FAR 14.503-1 explains how step one of two-step sealed bidding works, from the initial request for technical proposals through evaluation, clarification, notice of unacceptability, late proposals, and what happens if the two-step process must be discontinued. It tells contracting officers what must be included in the request for technical proposals, including the description of supplies or services, the intent to use two-step bidding, proposal content requirements, evaluation criteria, the prohibition on prices in technical proposals, submission deadlines, the effect of acceptable proposals in step two, and whether one or multiple technical proposals may be submitted. It also addresses optional delivery or performance information, protection and handling of proposals, removal of price data, the time allowed for evaluation, the acceptable/reasonably susceptible/unacceptable categories, when the Government may proceed directly to step two, how to request clarifications or additional information, how to notify offerors of unacceptability and provide debriefings, treatment of late technical proposals, and the file documentation and notice required if two-step sealed bidding is discontinued. In practice, this section is designed to keep step one fair, fast, and focused on technical acceptability so that only technically acceptable bids compete on price in step two. It also protects the integrity of the process by preventing price exposure, limiting discussions to the submitting offeror, and requiring clear records when the process changes course.
- 14.503-2
Step two.
FAR 14.503-2 explains how the second step of two-step sealed bidding works after step one has already screened and accepted technical proposals. This section covers four core subjects: who may receive the invitation for bids, what must be included in the IFB, how the IFB must describe the bidder’s obligation to follow both the specifications and the bidder’s own technical proposal, and how the solicitation is handled in public notice systems. It also addresses a separate transparency requirement to list the names of firms with acceptable step-one proposals on the Governmentwide point of entry (GPE) for the benefit of prospective subcontractors.

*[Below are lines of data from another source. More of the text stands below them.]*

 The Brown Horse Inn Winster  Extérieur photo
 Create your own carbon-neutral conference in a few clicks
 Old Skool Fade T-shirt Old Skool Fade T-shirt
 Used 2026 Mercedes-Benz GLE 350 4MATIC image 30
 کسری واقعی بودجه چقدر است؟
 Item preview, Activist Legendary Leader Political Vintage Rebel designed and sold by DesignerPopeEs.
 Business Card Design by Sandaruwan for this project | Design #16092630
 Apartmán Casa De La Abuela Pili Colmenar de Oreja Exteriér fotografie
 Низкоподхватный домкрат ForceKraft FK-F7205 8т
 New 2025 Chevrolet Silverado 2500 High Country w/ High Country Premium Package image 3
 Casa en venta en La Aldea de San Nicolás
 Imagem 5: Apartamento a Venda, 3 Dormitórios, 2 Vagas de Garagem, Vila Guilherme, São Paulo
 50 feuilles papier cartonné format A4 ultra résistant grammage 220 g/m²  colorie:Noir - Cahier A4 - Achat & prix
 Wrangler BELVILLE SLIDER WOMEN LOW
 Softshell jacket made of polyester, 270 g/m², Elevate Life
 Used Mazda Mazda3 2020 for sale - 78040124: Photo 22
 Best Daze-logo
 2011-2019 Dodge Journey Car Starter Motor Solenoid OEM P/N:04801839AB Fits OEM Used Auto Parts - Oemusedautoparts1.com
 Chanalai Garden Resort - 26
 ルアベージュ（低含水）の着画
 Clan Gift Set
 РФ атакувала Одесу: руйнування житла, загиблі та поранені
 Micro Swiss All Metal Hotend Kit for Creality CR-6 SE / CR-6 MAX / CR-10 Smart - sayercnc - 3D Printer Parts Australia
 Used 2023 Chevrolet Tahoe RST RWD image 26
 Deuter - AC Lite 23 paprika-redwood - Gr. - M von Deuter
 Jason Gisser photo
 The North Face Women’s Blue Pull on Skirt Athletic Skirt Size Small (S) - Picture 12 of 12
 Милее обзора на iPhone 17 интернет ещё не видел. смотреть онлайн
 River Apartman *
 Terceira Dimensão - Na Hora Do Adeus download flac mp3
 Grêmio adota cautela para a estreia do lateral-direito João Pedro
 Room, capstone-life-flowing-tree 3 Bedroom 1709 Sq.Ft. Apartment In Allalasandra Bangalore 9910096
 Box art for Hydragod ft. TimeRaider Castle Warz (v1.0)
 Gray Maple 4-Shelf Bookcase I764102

In practice, this section is designed to preserve the efficiency of sealed bidding while ensuring that only technically acceptable sources compete in step two and that the government can hold bidders to the technical commitments they made in step one. It matters because it limits competition to qualified firms, prevents inconsistent public posting of the step-two IFB, and creates a subcontracting visibility mechanism for firms that may want to team or subcontract.